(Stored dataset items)
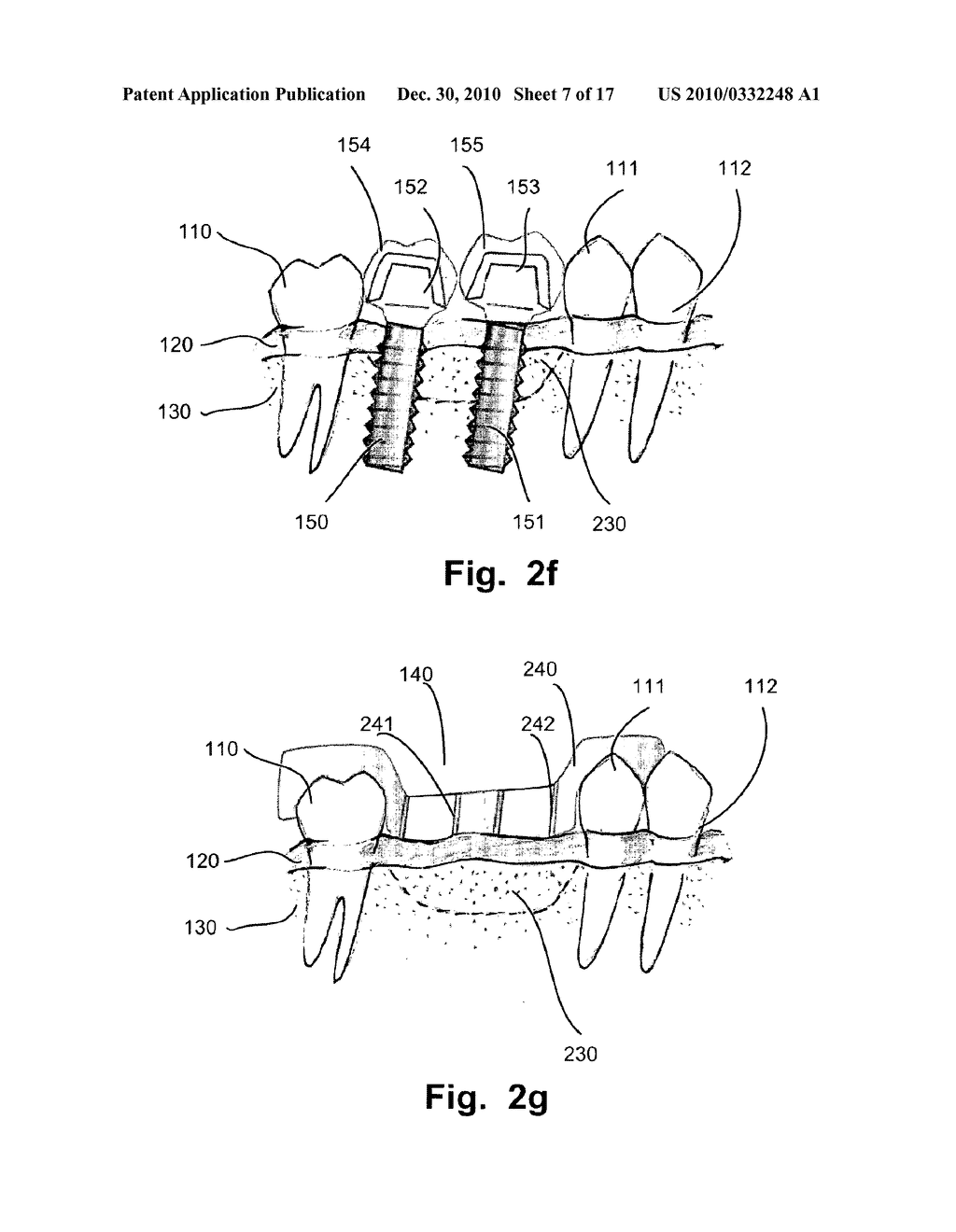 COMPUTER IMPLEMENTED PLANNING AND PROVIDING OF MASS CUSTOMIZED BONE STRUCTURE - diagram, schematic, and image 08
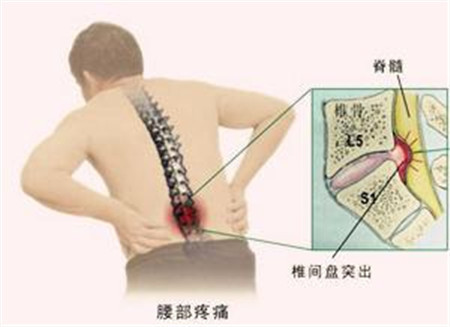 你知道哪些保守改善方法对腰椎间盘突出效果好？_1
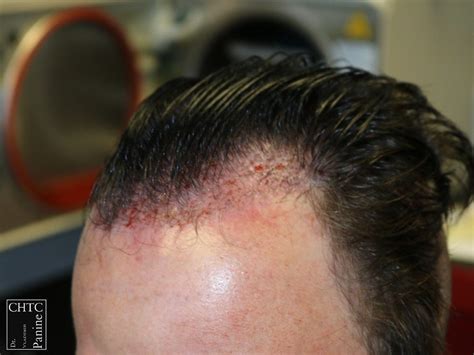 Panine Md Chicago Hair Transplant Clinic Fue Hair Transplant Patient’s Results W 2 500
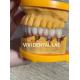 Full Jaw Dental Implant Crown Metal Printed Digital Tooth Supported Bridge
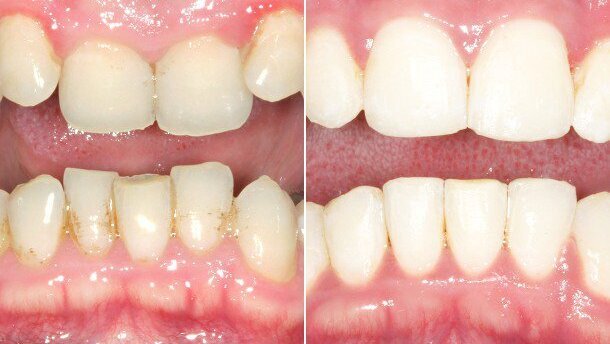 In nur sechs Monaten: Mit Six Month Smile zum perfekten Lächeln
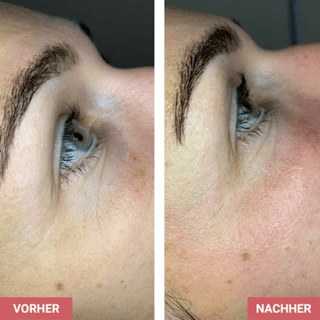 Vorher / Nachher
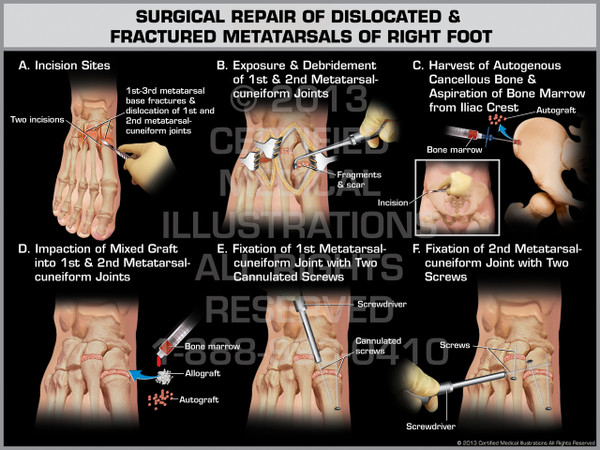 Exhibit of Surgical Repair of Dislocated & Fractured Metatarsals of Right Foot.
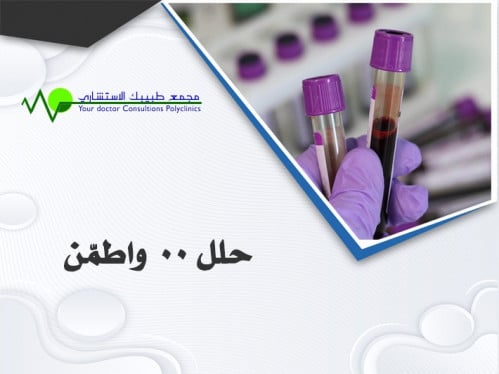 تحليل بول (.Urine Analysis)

# [BRIEF]
Repeat every entry above exactly; images stay out of the copy.

# [ANSWER AREA]
 COMPUTER IMPLEMENTED PLANNING AND PROVIDING OF MASS CUSTOMIZED BONE STRUCTURE - diagram, schematic, and image 08
 你知道哪些保守改善方法对腰椎间盘突出效果好？_1
 Panine Md Chicago Hair Transplant Clinic Fue Hair Transplant Patient’s Results W 2 500
 Full Jaw Dental Implant Crown Metal Printed Digital Tooth Supported Bridge
 In nur sechs Monaten: Mit Six Month Smile zum perfekten Lächeln
 Vorher / Nachher
 Exhibit of Surgical Repair of Dislocated & Fractured Metatarsals of Right Foot.
 تحليل بول (.Urine Analysis)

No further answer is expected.